** EXERCISE REQUIREMENTS **
Give the number of lines in the records below that contain the word "Shirt". State only that number.

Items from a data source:
══════════════════════════════
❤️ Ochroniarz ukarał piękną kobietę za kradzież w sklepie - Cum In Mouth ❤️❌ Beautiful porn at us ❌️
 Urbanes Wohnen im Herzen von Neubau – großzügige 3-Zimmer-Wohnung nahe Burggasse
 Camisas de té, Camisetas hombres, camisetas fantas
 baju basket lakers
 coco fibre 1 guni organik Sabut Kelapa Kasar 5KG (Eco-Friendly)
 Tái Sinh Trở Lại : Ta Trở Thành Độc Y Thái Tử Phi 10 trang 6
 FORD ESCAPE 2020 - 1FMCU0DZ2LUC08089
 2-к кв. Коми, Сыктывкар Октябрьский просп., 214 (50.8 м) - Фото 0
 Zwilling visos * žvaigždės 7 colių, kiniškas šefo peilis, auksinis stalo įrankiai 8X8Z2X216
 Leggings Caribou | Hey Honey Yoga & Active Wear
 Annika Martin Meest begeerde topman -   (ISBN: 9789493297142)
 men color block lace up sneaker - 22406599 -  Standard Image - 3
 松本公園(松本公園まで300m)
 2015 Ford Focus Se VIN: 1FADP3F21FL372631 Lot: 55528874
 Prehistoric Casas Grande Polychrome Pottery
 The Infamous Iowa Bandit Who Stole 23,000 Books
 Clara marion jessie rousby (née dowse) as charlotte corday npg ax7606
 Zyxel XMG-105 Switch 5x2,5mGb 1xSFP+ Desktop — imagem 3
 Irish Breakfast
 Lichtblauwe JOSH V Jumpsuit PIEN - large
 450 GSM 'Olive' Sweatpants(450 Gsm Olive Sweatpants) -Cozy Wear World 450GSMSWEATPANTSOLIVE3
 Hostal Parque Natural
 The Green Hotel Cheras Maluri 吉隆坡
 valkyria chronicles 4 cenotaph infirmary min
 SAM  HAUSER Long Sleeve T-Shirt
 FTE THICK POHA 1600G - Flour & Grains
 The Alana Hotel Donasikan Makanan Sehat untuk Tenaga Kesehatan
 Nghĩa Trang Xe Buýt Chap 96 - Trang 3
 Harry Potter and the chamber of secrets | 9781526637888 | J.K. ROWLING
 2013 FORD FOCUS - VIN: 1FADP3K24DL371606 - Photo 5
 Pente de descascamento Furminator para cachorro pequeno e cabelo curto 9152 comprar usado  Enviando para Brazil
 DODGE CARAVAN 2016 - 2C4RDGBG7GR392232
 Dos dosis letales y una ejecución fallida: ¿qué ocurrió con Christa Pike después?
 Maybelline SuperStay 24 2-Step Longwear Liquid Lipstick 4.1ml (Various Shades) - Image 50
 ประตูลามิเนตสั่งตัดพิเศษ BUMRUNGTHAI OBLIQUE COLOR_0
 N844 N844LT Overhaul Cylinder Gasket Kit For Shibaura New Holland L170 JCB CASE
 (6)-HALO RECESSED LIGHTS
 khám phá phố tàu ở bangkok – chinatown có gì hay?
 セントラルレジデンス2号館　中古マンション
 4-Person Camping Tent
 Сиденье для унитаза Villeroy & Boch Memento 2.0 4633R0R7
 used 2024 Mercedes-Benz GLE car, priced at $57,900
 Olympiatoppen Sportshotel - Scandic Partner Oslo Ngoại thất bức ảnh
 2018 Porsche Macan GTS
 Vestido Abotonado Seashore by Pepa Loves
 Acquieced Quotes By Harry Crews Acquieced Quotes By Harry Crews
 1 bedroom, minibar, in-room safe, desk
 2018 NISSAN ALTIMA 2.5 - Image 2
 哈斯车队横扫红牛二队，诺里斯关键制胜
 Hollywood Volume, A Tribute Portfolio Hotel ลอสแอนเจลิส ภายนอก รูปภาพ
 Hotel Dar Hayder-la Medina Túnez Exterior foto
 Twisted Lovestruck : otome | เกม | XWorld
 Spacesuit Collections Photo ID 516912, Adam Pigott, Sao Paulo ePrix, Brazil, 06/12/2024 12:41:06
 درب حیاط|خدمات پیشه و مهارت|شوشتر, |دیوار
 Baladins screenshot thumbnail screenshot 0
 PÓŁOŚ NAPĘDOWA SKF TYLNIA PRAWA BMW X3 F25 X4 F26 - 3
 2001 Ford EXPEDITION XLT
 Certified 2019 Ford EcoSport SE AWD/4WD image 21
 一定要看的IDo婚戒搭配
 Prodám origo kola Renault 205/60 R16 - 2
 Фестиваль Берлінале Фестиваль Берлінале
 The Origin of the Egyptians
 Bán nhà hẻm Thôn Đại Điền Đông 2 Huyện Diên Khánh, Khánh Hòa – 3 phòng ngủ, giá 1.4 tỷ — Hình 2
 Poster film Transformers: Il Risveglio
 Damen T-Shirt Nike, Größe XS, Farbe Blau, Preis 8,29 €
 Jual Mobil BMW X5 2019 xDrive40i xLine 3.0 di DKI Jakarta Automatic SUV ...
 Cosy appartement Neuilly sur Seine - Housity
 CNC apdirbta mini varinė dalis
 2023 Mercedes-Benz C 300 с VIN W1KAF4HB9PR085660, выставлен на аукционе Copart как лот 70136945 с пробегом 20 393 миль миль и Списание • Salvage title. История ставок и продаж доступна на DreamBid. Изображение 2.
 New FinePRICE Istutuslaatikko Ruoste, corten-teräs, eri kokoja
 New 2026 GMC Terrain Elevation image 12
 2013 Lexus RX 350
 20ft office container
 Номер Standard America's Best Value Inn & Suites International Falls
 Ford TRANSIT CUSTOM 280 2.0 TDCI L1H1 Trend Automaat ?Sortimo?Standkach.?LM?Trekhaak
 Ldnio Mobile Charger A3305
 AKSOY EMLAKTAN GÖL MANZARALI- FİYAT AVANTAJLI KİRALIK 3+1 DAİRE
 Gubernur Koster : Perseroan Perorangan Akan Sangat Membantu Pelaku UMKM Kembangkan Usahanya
══════════════════════════════
** RESPONSE FOR THIS EXERCISE **
2